Since $\theta_0$ is an interior point in $\Omega$ , $(\theta_0 -a, \theta_0 +a) \subset \Omega $ for some $a >0$. Define $S_n$ to be the event

$$S_n= \{ \mathbf {X} : l(\theta_0 ; \mathbf{X}) > l(\theta_0 -a ; \mathbf{X}) \}
\cap \{ \mathbf{X}: l(\theta_0; \mathbf{X}) > l( \theta_0 +a ;\mathbf{X}) \} $$

(The log- likelihood is maximised on the true parameter, all good so far)

But on $S_n$, $l \left(\theta \right)$ has a local maximum, $\hat{\theta_n}$ such that $\theta_0-a<\hat{\theta_n}<\theta_0+a$ and $l^{\prime} \left(\hat{\theta_n} \right)=0$

That is

$$ S_n \subset \{ \mathbf{X}: | \hat{ \theta_{n} } \left( \mathbf{X} \right) -\theta_{0} | < a \} \cap \{ \mathbf{X}: l^{ \prime} \left( \hat{\theta_n} \left( \mathbf{X} \right) \right) =0 \} $$

It is precisely at this point that I find their proof a little obscure. How come they consider $S_n$ to be a subset of that other set? Their explanation is unclear. Of course the proof is not complete at this point but if I have this clarified, I can take it from there.

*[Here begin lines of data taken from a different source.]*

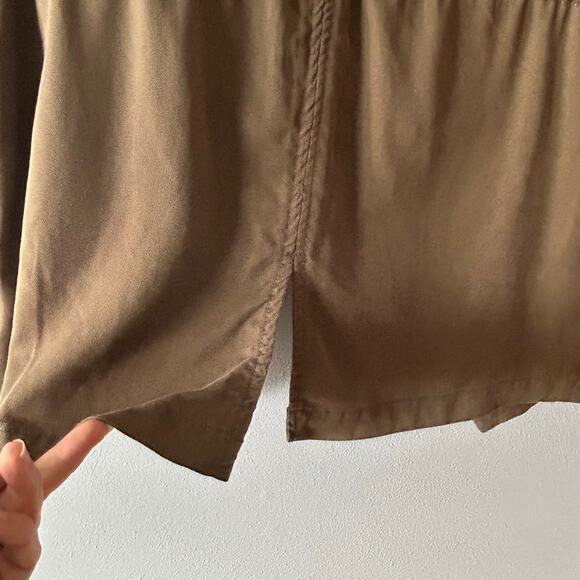 Fate Olive Green Drape Front Vest Drawstring Cinched Waist Women's Sz L - Picture 7 of 13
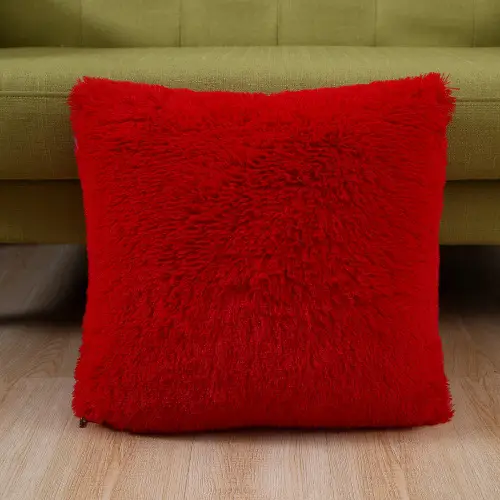Pink Faux Fur Pillow Cover for Home Decor - Image 2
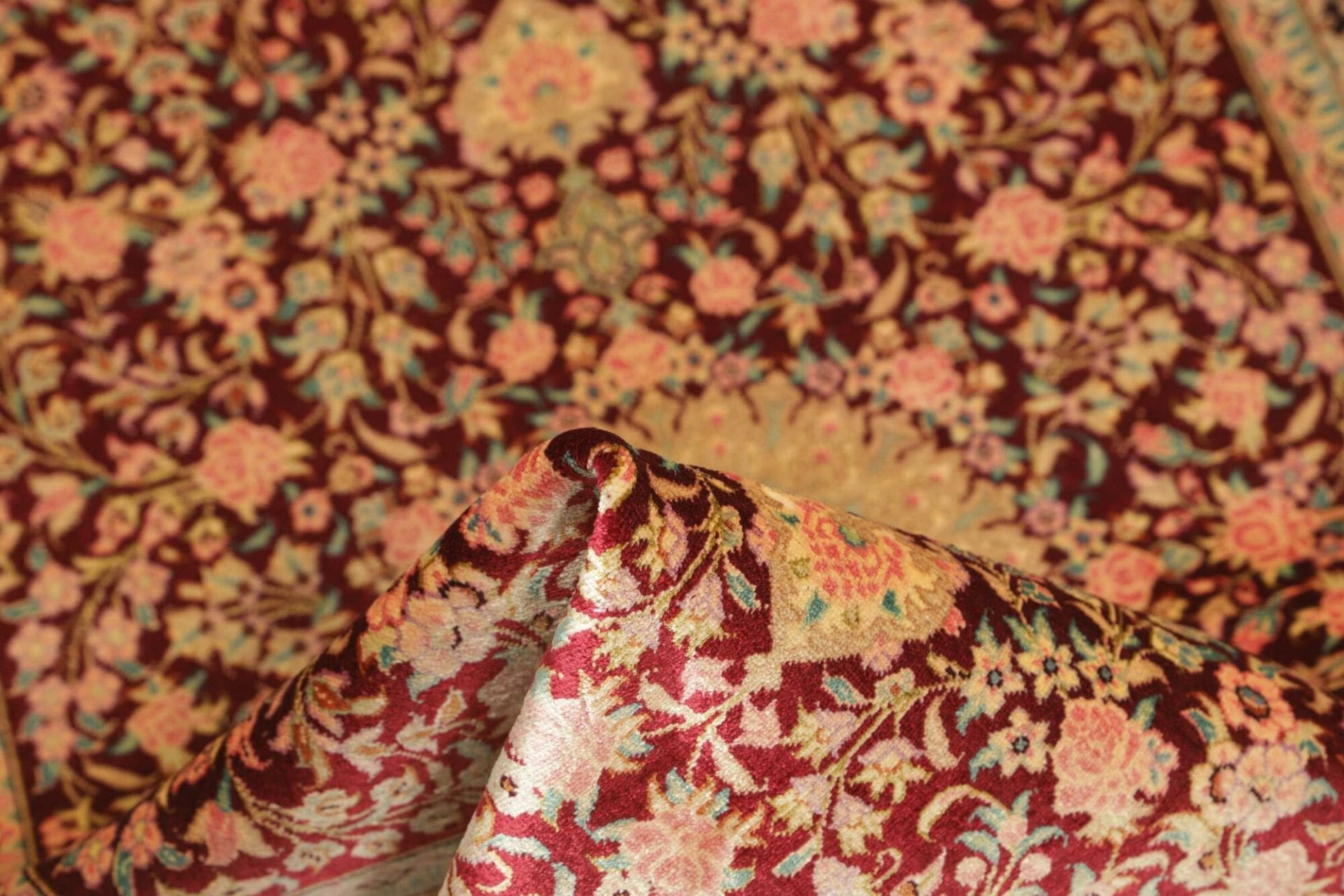 Hand-Knotted Silk Qom Persian Rug, 62 × 89 cm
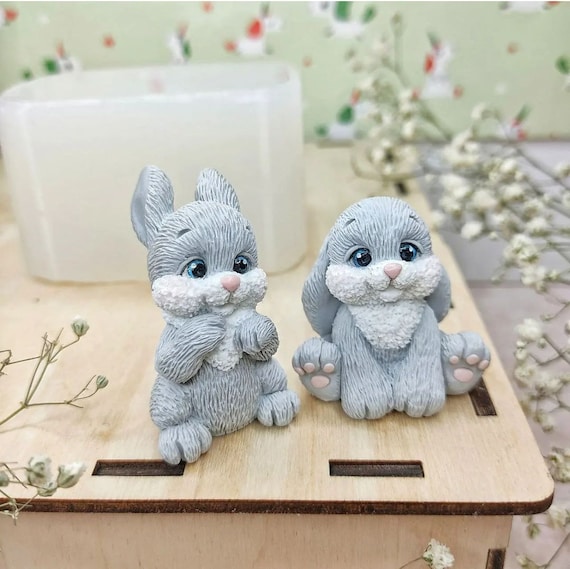 小さな手作りの3Dかわいいウサギのシリコン型、両方とも別々の型、石鹸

Thank you in advance.

Best Answer

Comparing the question with the actual proof from the referred book, some subtle but important aspects have been left out from the former:
1) This part of the proof is about existence of a solution to the likelihood equation $\frac{\partial l(\theta)}{\partial \theta}=0$, that converges to the true parameter, and not about "consistency of the mle estimator".
2) The probability of $S_n$ tends to $1$. Then, by necessity, a $\hat \theta: \hat \theta \in (\theta_0 -a, \theta_0 +a)$ will exist for the $\mathbf X$ that forms the elements of $S_n$.

Then the proof states that as a consequence, $$S_n \subset \{ \mathbf{X}: | \hat{ \theta_{n} } \left( \mathbf{X} \right) -\theta_{0} | < a \} \cap \{ \mathbf{X}: l^{ \prime} \left( \hat{\theta_n} \left( \mathbf{X} \right) \right) =0 \}$$

What does the RHS-set intersection describe? It describes a data set for which a) $\hat \theta$ is a solution to the likelihood equation (2nd set) and
b) it is less than $a$-away from the true parameter $\theta_0$ (1st set). And it asserts that the data set of $S_n$ is a subset of this data set of the intersection.
And indeed it is, since $\hat \theta$ may satisfy the two conditions (being a solution to the likelihood equation and being less than $a$-away from the true parameter) for a data set larger than the data set that forms $S_n$ and which is characterized by a condition related to the value of the likelihood at the true parameter (unrelated to $\hat \theta$).
The proof then goes on to show that these imply that $\hat \theta$ will be less than $a$-away from the true parameter in probability, and then, that if $\hat \theta$ is unique, and so coincides with the MLE estimator, the latter is consistent.